Scholarship and teaching excellence in College-based Higher education

Published on 02.02.17

4 1/2 minute read   “The learning environment is enriched by student exposure to and involvement in provision at the forefront of scholarship, research and professional practice.” (TEF assessment criteria LE2)   It would be easy to interpret this assessment criteria as a reference to Boyer’s ‘Scholarship of Knowledge’ and for more vocational college-based HE

4 1/2 minute read

 

“The learning environment is enriched by student exposure to and involvement in provision at the forefront of scholarship, research and professional practice.” (TEF assessment criteria LE2)

 

It would be easy to interpret this assessment criteria as a reference to Boyer’s ‘Scholarship of Knowledge’ and for more vocational college-based HE providers to rely on their lecturer’s dual-professionalism and base their  response around ideas of ‘professional practice.’ But scholarship in Boyer’s model is not limited to the post-doctoral researcher but far more inclusive. It enables the institution to clearly articulate that using evidence-based practice, and working alongside external employers or the community to inform curriculum decision-making (for instance) is part of the scholarship of application. And such work will evidence teaching excellence regarding learning outcomes and teaching quality (S02 and TQ3)

 

If we use Boyer’s model as a framework for capturing evidence of scholarship, our articulations become stronger, and, potentially, more developmental. If we consider the Teaching Excellence framework through the lens of Boyer’s scholarships, the gathering of evidence for the contextual framework becomes less of a ‘moment of metric capture’ and more a snapshot of an ongoing developmental process that is inherently tied to supporting our learners to achieve their academic potential.

 

Scholarly practice is threaded through the assessment criteria; providing the institution accepts and recognises scholarship as going beyond the search for new knowledge then the framework evidences itself.
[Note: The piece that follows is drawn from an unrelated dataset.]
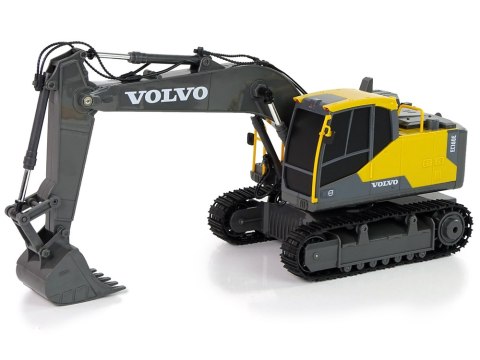 VOLVO DUŻA KOPARKA R/C GĄSIENICOWA 1:20 2.4G VOLVO DUŻA KOPARKA R/C GĄSIENICOWA 1:20 2.4G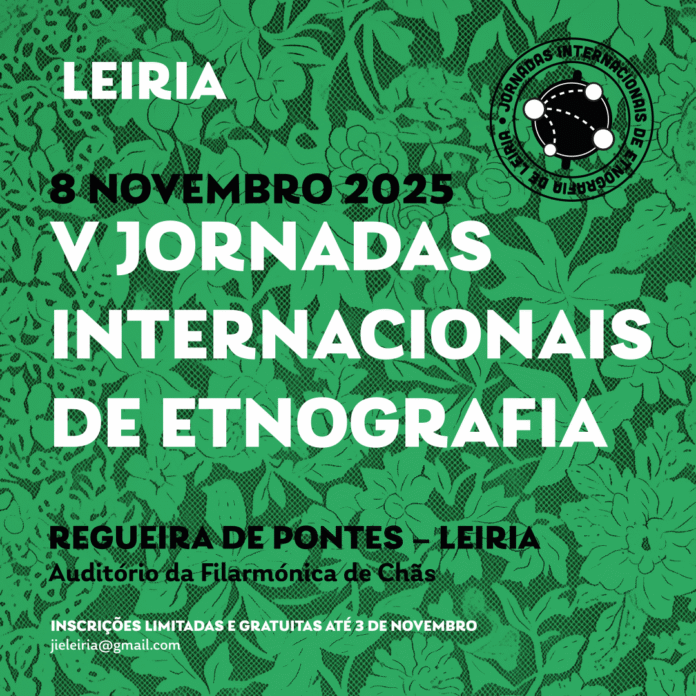 Banner das “Jornadas Internacionais de Etnografia. Foto divulgaçãoJiel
If we embrace the Scholarship of Teaching and Learning, then our work in stretching and challenging our learners becomes an integral part of our practice and one that is evidence-based through action research evidence or reflections (and therefore easier to evidence within the contextual statement).

 

The Students as Partners agenda is equally important here, engaging students through working alongside them, rather than casting them in the role of passive knowledge-consumers.

 

Regarding rigour and stretch (TQ3), involving students as partners in scholarly research and practice supports their learning as part of an ongoing process which celebrates and rewards curiosity, enquiry and the sharing of knowledge. What is peer review if it is not ‘assessment to support development and attainment’? Casting students in the role of scholars, or researchers of their own, and each others’ practices will surely scaffold the kind of independent learning that is appropriate to HE.

 

Scholarship is equally relevant when one considers the need to evidence the proper use of digital resources (LE1). In our fast-paced fluid world, if we do not keep up-to-date on current digital pedagogies then our students will suffer. We must teach in the digital, but mindfully, not simply grasping at ‘new’ technologies without clearly identifying where they can be of benefit to students. And if students are encouraged to be partners in this then they will have a more personalised learning experience (LE3), and gain transferable skills (SO2).

 

The point I’m trying to make isn’t simply that adopting this approach makes mapping activities to assessment criteria easy to evidence, but that, as scholarly practice is in itself iterative, under development, so too becomes the TEF.  The TEF exercise becomes a reflection point, part of learning carried out by the institution as a whole, and wholly meaningful, as then the institution can pause, reflect, evaluate and develop as a community of staff, learners, and the wider community.

 

In College-based Higher education, we are in a particular position. Used to Ofsted, with strict criteria and rigid systems, we can see TEF as a similar binary exercise. A top-down audit. Or, we can see it as a developmental exercise which is only one part of a wider culture of scholarship and scholarly practice. Then, our learning environments will be enriched by scholarship and our learners will benefit. And that is what The Scholarship Project, for me, is all about.